I am looking forward to hearing individual experiences related to making cache efficient code in general. It can be any programming language (C, C++, Assembly, ...), any hardware target (ARM, Intel, PowerPC, ...), any OS (Windows, Linux,S ymbian, ...), etc..

The variety will help to better to understand it deeply.

Answer

Mats N picture Mats N · Jun 19, 2009

The cache is there to reduce the number of times the CPU would stall waiting for a memory request to be fulfilled (avoiding the memory latency), and as a second effect, possibly to reduce the overall amount of data that needs to be transfered (preserving memory bandwidth).

Techniques for avoiding suffering from memory fetch latency is typically the first thing to consider, and sometimes helps a long way. The limited memory bandwidth is also a limiting factor, particularly for multicores and multithreaded applications where many threads wants to use the memory bus. A different set of techniques help addressing the latter issue.

Improving spatial locality means that you ensure that each cache line is used in full once it has been mapped to a cache. When we have looked at various standard benchmarks, we have seen that a surprising large fraction of those fail to use 100% of the fetched cache lines before the cache lines are evicted.

Improving cache line utilization helps in three respects:

  • It tends to fit more useful data in the cache, essentially increasing the effective cache size.
  • It tends to fit more useful data in the same cache line, increasing the likelyhood that requested data can be found in the cache.
  • It reduces the memory bandwidth requirements, as there will be fewer fetches.

Common techniques are:

  • Use smaller data types
  • Organize your data to avoid alignment holes (sorting your struct members by decreasing size is one way)
  • Beware of the standard dynamic memory allocator, which may introduce holes and spread your data around in memory as it warms up.
  • Make sure all adjacent data is actually used in the hot loops. Otherwise, consider breaking up data structures into hot and cold components, so that the hot loops use hot data.
  • avoid algorithms and datastructures that exhibit irregular access patterns, and favor linear datastructures.

We should also note that there are other ways to hide memory latency than using caches.

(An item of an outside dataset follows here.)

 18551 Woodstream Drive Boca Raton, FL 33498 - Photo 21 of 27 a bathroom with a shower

Modern CPU:s often have one or more hardware prefetchers. They train on the misses in a cache and try to spot regularities. For instance, after a few misses to subsequent cache lines, the hw prefetcher will start fetching cache lines into the cache, anticipating the application's needs. If you have a regular access pattern, the hardware prefetcher is usually doing a very good job. And if your program doesn't display regular access patterns, you may improve things by adding prefetch instructions yourself.

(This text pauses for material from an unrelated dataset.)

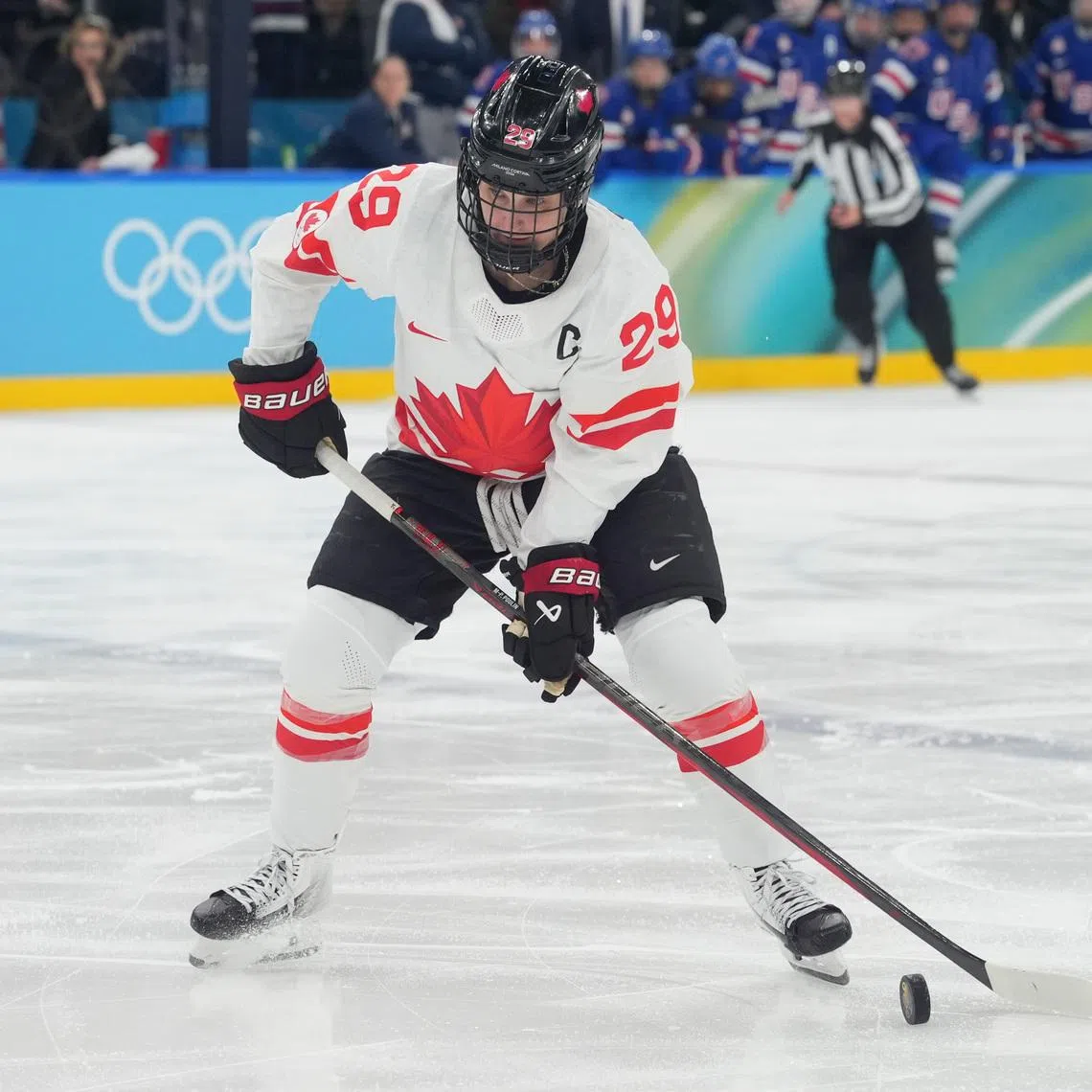 Feb 19, 2026; Milan, Italy; Marie-Philip Poulin (29) of Canada control the puck against the United States in the women's ice hockey gold medal game during the Milano Cortina 2026 Olympic Winter Games at Milano Santagiulia Ice Hockey Arena. Mandatory Credit: Amber Searls-Imagn Images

Regrouping instructions in such a way that those that always miss in the cache occur close to each other, the CPU can sometimes overlap these fetches so that the application only sustain one latency hit (Memory level parallelism).

To reduce the overall memory bus pressure, you have to start addressing what is called temporal locality. This means that you have to reuse data while it still hasn't been evicted from the cache.

Merging loops that touch the same data (loop fusion), and employing rewriting techniques known as tiling or blocking all strive to avoid those extra memory fetches.

While there are some rules of thumb for this rewrite exercise, you typically have to carefully consider loop carried data dependencies, to ensure that you don't affect the semantics of the program.

These things are what really pays off in the multicore world, where you typically wont see much of throughput improvements after adding the second thread.